Furthermore, this disastrous process had been aided and abetted by the judiciary:

English law has always treated offences against a man’s property with far more severity than offences against his person, and property is still the test of complete citizenship.

Removing property, Wilde claimed, would erase the desire to acquire social status through endless accumulation and this – or so he hoped – would turn the heads and hands of the most creative people towards art. But although art has allowed people to express the fullness of their personalities, this has never been achieved in action and Wilde attacks the defects and insecurities of those historical figures who are considered ‘great’ and yet who spent their lives in turmoil. Peace and contentment, he argues, does not come from endless struggle, although he is perhaps slightly utopian in his belief that the implementation of Socialism would ever bring an end to the need for defence. Nevertheless, his dream of a world in which materialism is swept aside remains inspiring:

It will be a marvellous thing – the true personality of man – when we see it. It will grow naturally and simply, flowerlike, or as a tree grows. It will not be at discord. It will never argue or dispute. It will not prove things. It will know everything. And yet it will not busy itself about knowledge. It will have wisdom. Its value will not be measured by material things. It will have nothing. And yet it will have everything, and whatever one takes from it, it will still have, so rich will it be. It will not be always meddling with others, or asking them to be like itself. It will love them because they will be different. And yet while it will not meddle with others, it will help all, as a beautiful thing helps us, by being what it is. The personality of man will be very wonderful. It will be as wonderful as the personality of a child.

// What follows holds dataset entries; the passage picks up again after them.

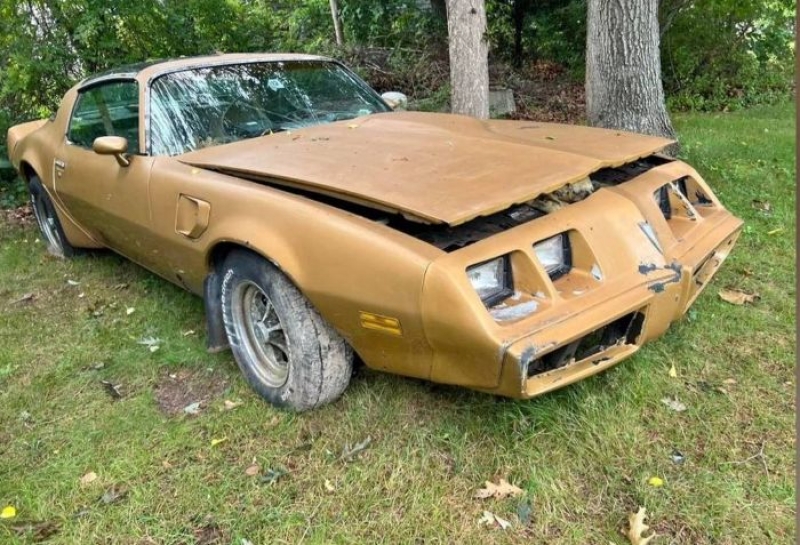 1980 Pontiac Trans Am for sale in Michigan (ID-124062) 1980 Pontiac Trans Am for sale in Michigan (ID-124062)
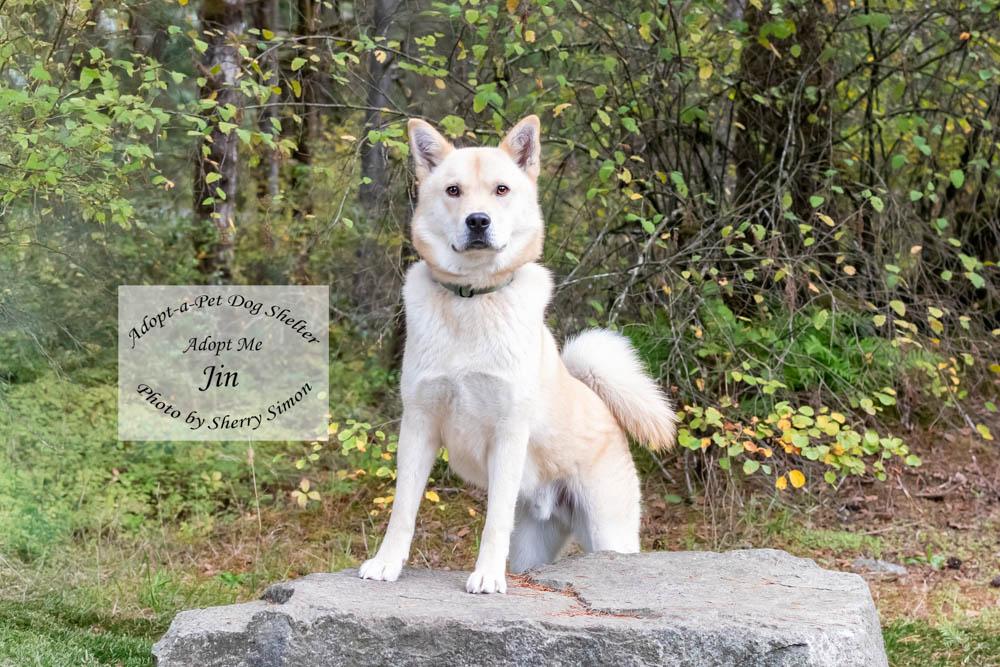 JIN, a Adoptable Jindo in Shelton, WA image 4/6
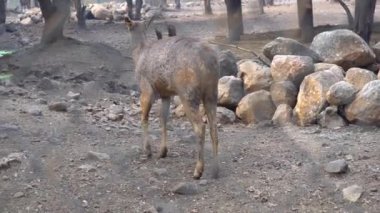 Hayvanat bahçesindeki vahşi geyik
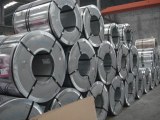 Supply stainless steel coil/sheet/plate/strip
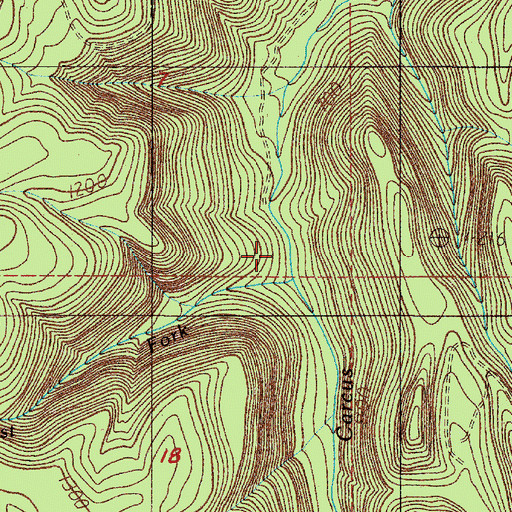 Topographic Map of West Fork Carcus Creek, OR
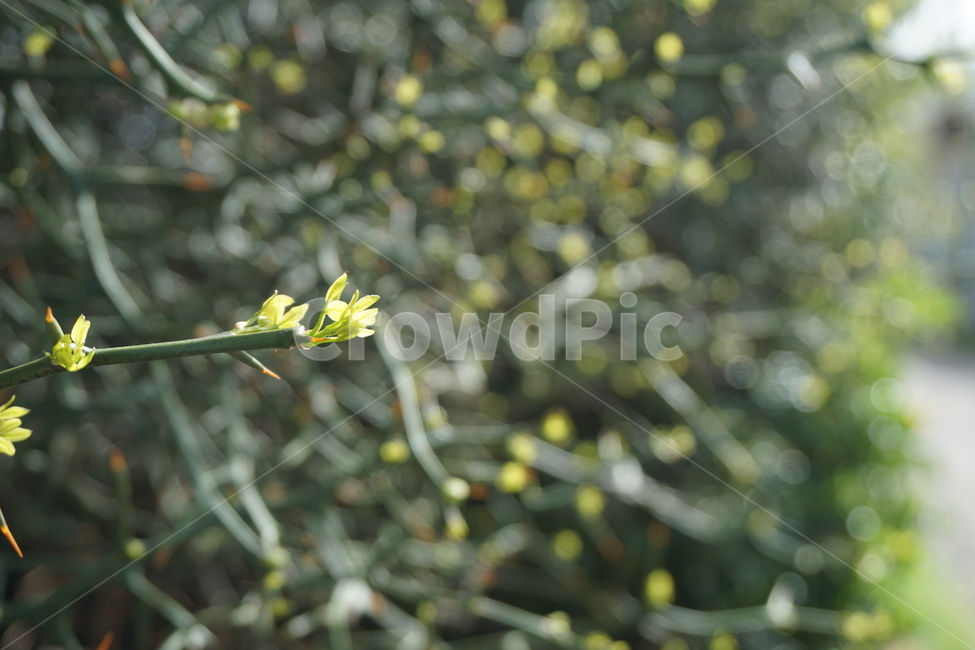 봄,4월,녹색,탱자나무,탱자가시,가시나무,새순,봄,계절,spring,season,식물,자연,plants,nature,plant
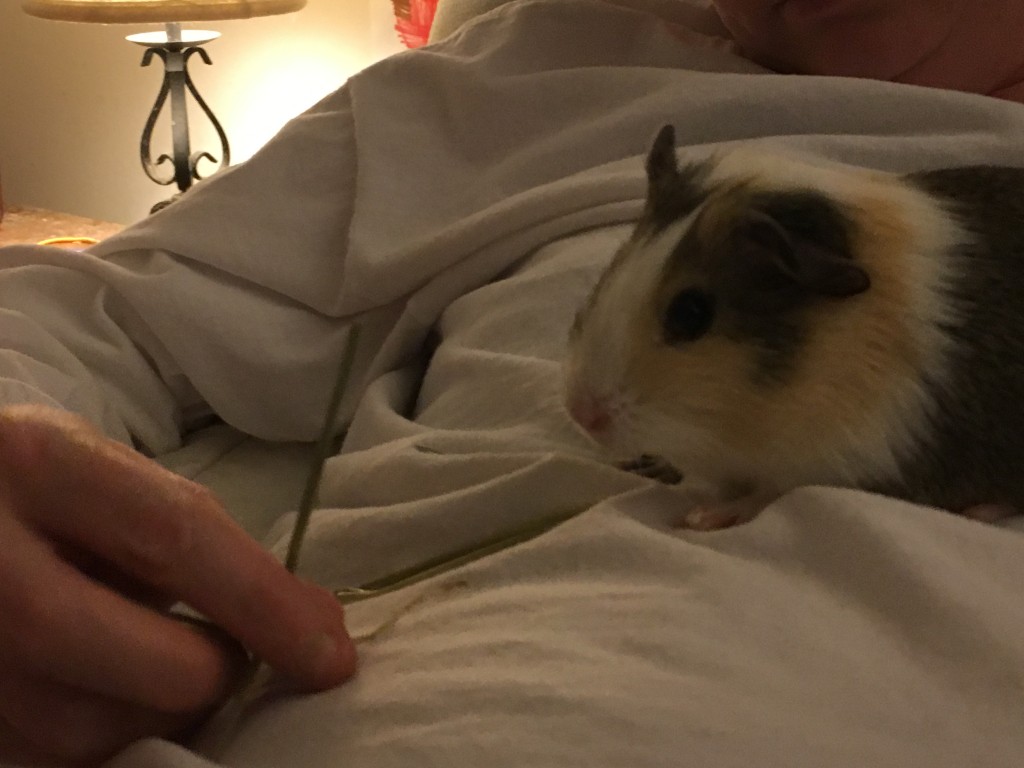 guinea pig bonding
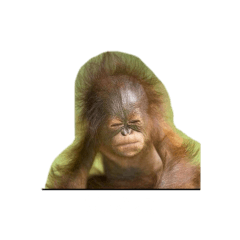 Aikurushiiorauutan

Wilde’s vision of a brighter future did not rule out the need for Christianity, either, if people embraced it of their own volition and without coercion. Christ, he suggests, was the harbinger of something that was rather similar to Socialism in both word and deed:

‘Know thyself’ was written over the portal of the antique world. Over the portal of the new world, ‘Be thyself’ shall be written. And the message of Christ to man was simply ‘Be thyself.’ That is the secret of Christ.

Just as Wilde wished to see the abolition of private property, so too did he apply this belief to the institution of marriage and the family at large:

This is part of the programme. Individualism accepts this and makes it fine. It converts the abolition of legal restraint into a form of freedom that will help the full development of personality, and make the love of man and woman more wonderful, more beautiful, and more ennobling. Jesus knew this. He rejected the claims of family life, although they existed in his day and community in a very marked form. ‘Who is my mother? Who are my brothers?’ he said, when he was told that they wished to speak to him. When one of his followers asked leave to go and bury his father, ‘Let the dead bury the dead,’ was his terrible answer. He would allow no claim whatsoever to be made on personality.

It is hard to see how marriage and family life can be removed from Christianity, particularly when one considers that Jesus performed a miracle at the Wedding of Cana and may even have married Mary Magdalen, but Wilde – perhaps as a result of his homosexuality – seemed adamant that it was a necessary part of the Socialist vision.

The section of The Soul of Man Under Socialism that deals with rule of government is absolutely unequivocal and there is little doubt that Wilde had become an Anarchist:

Individualism, then, is what through Socialism we are to attain to. As a natural result the State must give up all idea of government. It must give it up because, as a wise man once said many centuries before Christ, there is such a thing as leaving mankind alone; there is no such thing as governing mankind. All modes of government are failures. Despotism is unjust to everybody, including the despot, who was probably made for better things. Oligarchies are unjust to the many, and ochlocracies are unjust to the few.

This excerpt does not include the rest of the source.